At the top is this great book on Political Life in Eighteenth-Century Virginia which I blogged a bit about here.


Although I took several books with me when I had to drive and sit and wait for my kids, there were usually issues with reading them. I kept forgetting where I left off, so I resorted to crossword puzzles that my daughter has bought for me in the last few years. They have become a bit addictive and I'm figuring out the pattern to even the maddening advanced ones. I hope they are improving my analytic skills.


These are the books that I started reading but haven't finished, so I will pick them up again in 2017. You might note two copies of Wide as the Waters. I bought this years ago, read, it and learned a lot at the surface letter of the people and events. Later I read about it in Michael Farris' book From Tyndale to Madison which I shared a bit about here. Turns out Wide as the Waters was one of the inspirations for the Tyndale to Madison book.  So I began rereading it and wow! I started learning a whole new layer of information on liberty and freedom that I missed the first time. A few months ago I found the hardback copy of Wide as the Waters in the used bookstore for a great price. It's such a nice copy, it's such a great book, I couldn't resist. So now I have two copies!


Which leads me to the announcement! I am on another Eric Metaxas Booklaunch Team! This one is for the reprint of his book, Everything You Always Wanted to Know About  God (But Were Afraid to Ask). From what I've seen of the book, is a great primer for those who are terrified of digging into deep thinking verbose apologetic books. I will receive my fee copy in a few weeks to start reviewing. Stay tuned!

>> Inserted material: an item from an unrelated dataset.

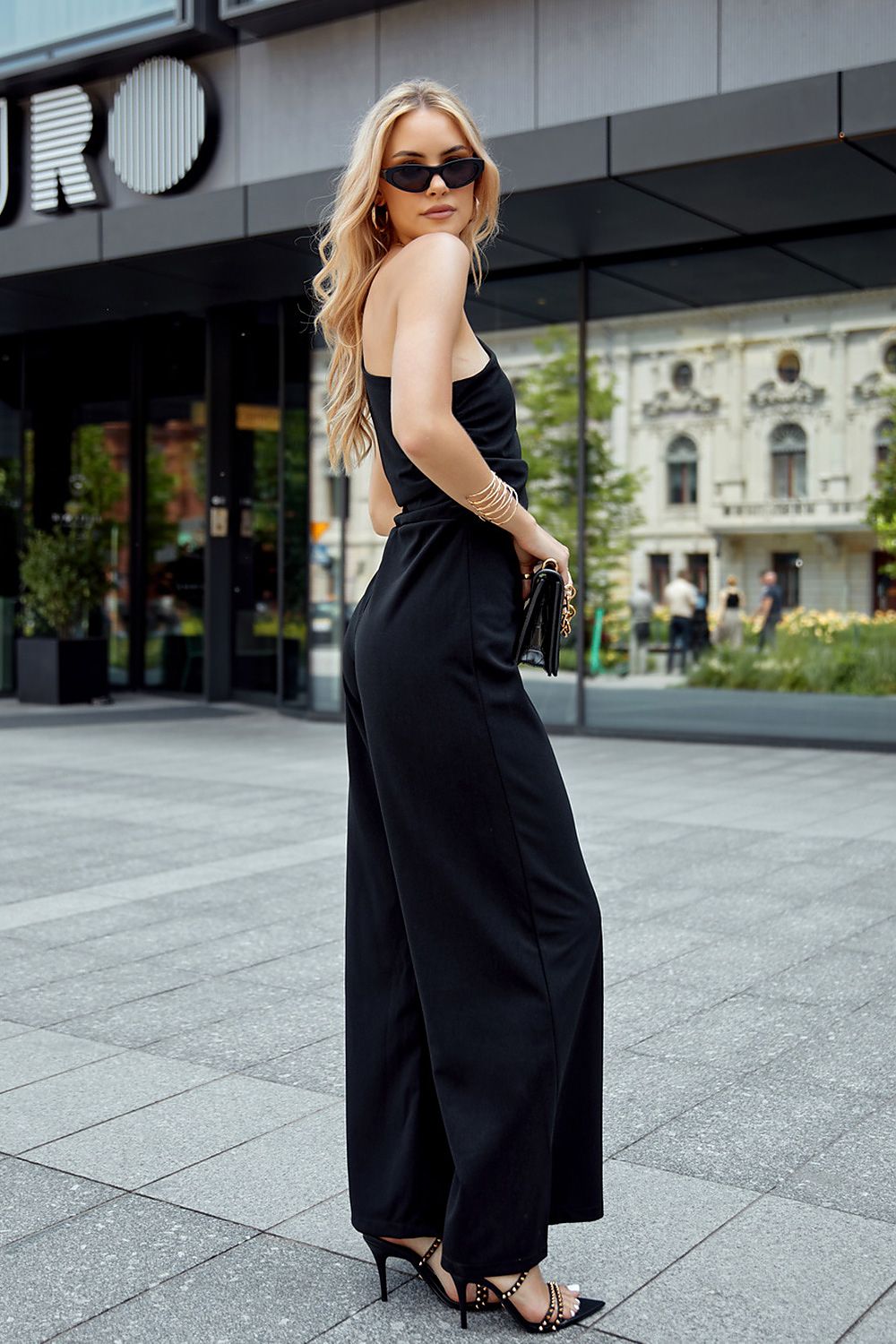 Jumpsuit model 183803 Fasardi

Copy Courtesy Eric Metaxas Booklaunch Team
Image courtesy of the Eric Metaxas Book Launch Team

For a catalogue of posts I've done about  Eric Metaxas and his other works, see this post.

Friday, December 30, 2016

Breakpoint, Chuck Colson, and Eric Metaxas

One of my go-to resources during homeschool years was Breakpoint, hosted by Chuck Colson. I had been heavily influenced by Colson's dramatic story, which I used in our 20th century studies. When his program began in 1991, I listened to him as often as I could. Breakpoint was a treasure chest of information packed into a few nuggets of a sound bite. As we got busy with homeschool, I read the Breakpoint daily e-mails. Colson's writings (both in books and at Breakpoint) were full of intellectual thought, encouraged us to reach out to help others, and helped us understand history better than any textbook. It was a great resource for our classical homeschool studies.

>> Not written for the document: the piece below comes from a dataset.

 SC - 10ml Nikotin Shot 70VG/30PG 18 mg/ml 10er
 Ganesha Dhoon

Over the years I stumbled upon the work of Eric Metaxas at Breakpoint. It took a while for me to connect the dots: Veggie Tales, Squanto, Breakpoint, Wilberforce, Bonhoeffer...but when I finally did I could only be amazed at Metaxas eclectic spread. At this link you can hear the June 18, 2012 podcast with Phil Vischer (aka Bob the Tomato from Veggie Tales who had hired Metaxas years ago to help write Veggie Tales.)The following details are from this podcast:

Around the time my kids were born, Metaxas heard that Chuck Colson would be speaking at Yale Law School. Having read all of Colson's books, Metaxas had to go! Afterwards he wrote a letter for Colson and included it with one of his children's books for Colson's grandchildren. He received a lovely note back with a promise that he'd be remembered. And he was. A couple of years later Breakpoint called him to interview, and Metaxas got a job on their editorial team for a few years.

Poignantly, Vischer brought up that Chuck Colson had recently passed away. They discussed Colson's work with Prison Fellowship (have you ever participated in Angel Tree?) and Colson's great intellectual mind that we see in his writings. Even when reading Colson's biography, Born Again, he shares that it was a CS Lewis book, Mere Christianity, that led to his turning to Christ. After the death of Chuck Colson, a new voice was needed for the radio program. Eric Metaxas was invited to be that voice. Today we hear the voices of Eric Metaxas and John Stonestreet who co-host Breakpoint.